Khepermaatre Ramesses X (also written Ramses and Rameses) (ruled c. 1111 BC – 1107 BC) was the ninth pharaoh of the 20th Dynasty of Ancient Egypt. His birth name was Amonhirkhepeshef. His prenomen or throne name, Khepermaatre, means “The Justice of Re Abides.”

His accession day fell on one prt 27 (first month of the Winter season, day 27). His highest attested regnal year is year 3. The highest attested date in his reign is either “year 3, the second month of the Inundation season, day 2” or possibly “year 3, month 4 (no day given)”.

Since Ramesses XI came to the throne on three šmw 20 (third month of the Summer season, day 20), it automatically follows that Ramesses X must have lived into an as yet unattested regnal year 4. The theory put forward on astronomical grounds by Richard Parker that Ramesses X may have reigned for nine years has since been abandoned. Likewise, the suggested ascription of Theban graffito 1860a to a hypothetical year 8 of Ramesses X is no longer supported.

The English Egyptologist Aidan Dodson wrote in a 2004 book:

No evidence indicates the relationship between the final kings, Ramesses IX, X and XI. If they were a father-son succession, Tyti, who bears the titles of King’s Daughter, King’s Wife and King’s Mother, would seem [to be] a good candidate for the wife of Ramesses X, but little else can be discerned.

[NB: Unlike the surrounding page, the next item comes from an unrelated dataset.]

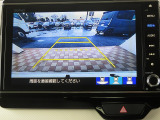 ギヤをRに入れるとナビの画面に後ろの映像が映るリヤカメラ付!後退時の安全確認やコンディションの悪い視界でもカラーバックモニターがドライバーをサポート☆☆☆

However, Dodson’s hypothesis here on Tyti’s position must now be discarded since it was proven in 2010 that Tyti was instead a queen of a previous 20th dynasty pharaoh. She is mentioned in the partly fragmented Harris papyrus as Ramesses III’s wife, as Dodson himself acknowledges.

Ramesses X is a poorly documented king. His year two is attested by Papyrus Turin 1932+1939, while his third year is recorded in the Necropolis Journal of the Workmen of Deir El Medina. This diary mentions the general idleness of the necropolis workers, at least partly due to the threat posed by Libyan marauders in the Valley of the Kings. It records that the Deir El-Medina workmen were absent from work in Year 3 IIIrd Month of Peret (i.e., Winter) days 6, 9, 11, 12, 18, 21 and 24 for fear of the “desert-dwellers” (i.e., the Libyans or Meshwesh) who roamed through Upper Egypt and Thebes at will. This is partly a reflection of the massive Libyan influx into the Western Delta region of Lower Egypt during this time. Ramesses X is also the last New Kingdom king whose rule over Nubia is attested from an inscription at Aniba.

His KV18 tomb in the Valley of the Kings was left unfinished. It is uncertain if he was ever buried there since no remains or fragments of funerary objects were discovered within it.